WORK INSTRUCTION:
Return all of the listing word for word; the pictures stay out.

INPUT DATA:
== == ==

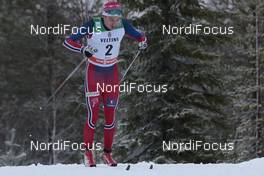29.11.2015, Ruka, Finland (FIN): Finn Haagen Krogh (NOR) - FIS world cup cross-country, 15km men, Ruka (FIN). www.nordicfocus.com. © Modica/NordicFocus. Every downloaded picture is fee-liable.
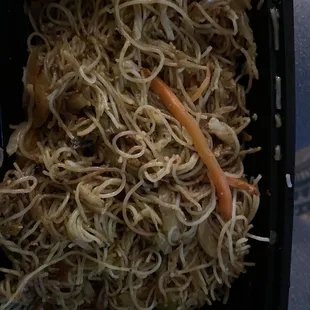 ramen and noodles, food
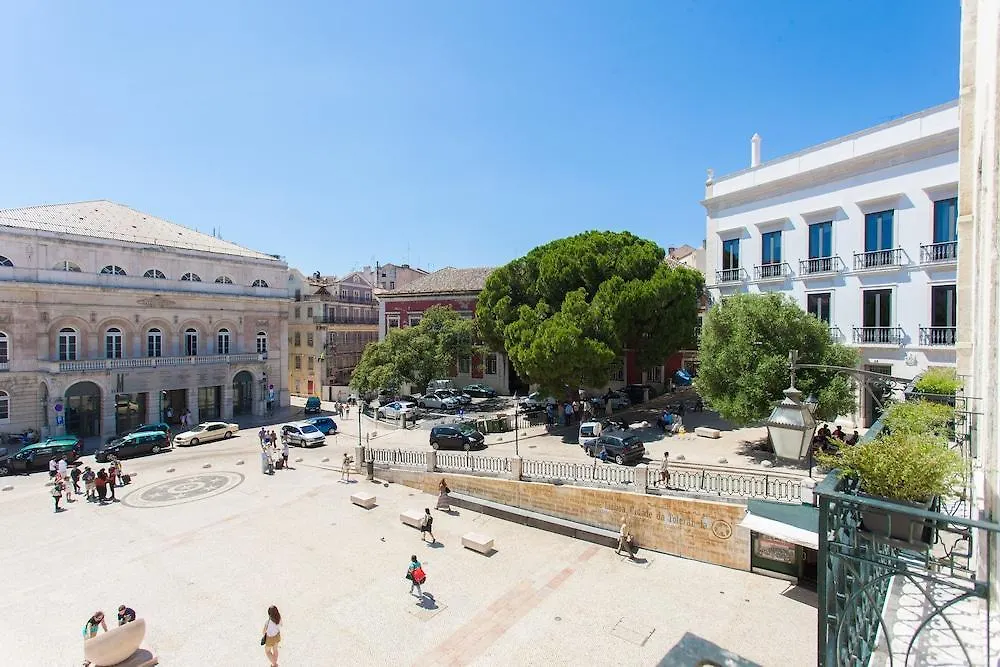 Rossio Flh Suites-1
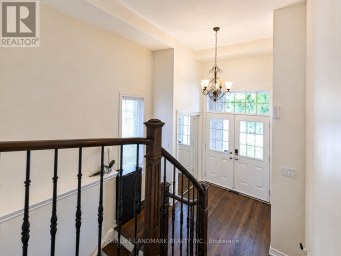 41 MANSARD DRIVE Richmond Hill (Jefferson) Ontario photo 4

== == ==

RESPONSE TO THE TASK:
29.11.2015, Ruka, Finland (FIN): Finn Haagen Krogh (NOR) - FIS world cup cross-country, 15km men, Ruka (FIN). www.nordicfocus.com. © Modica/NordicFocus. Every downloaded picture is fee-liable.
 ramen and noodles, food
 Rossio Flh Suites-1
 41 MANSARD DRIVE Richmond Hill (Jefferson) Ontario photo 4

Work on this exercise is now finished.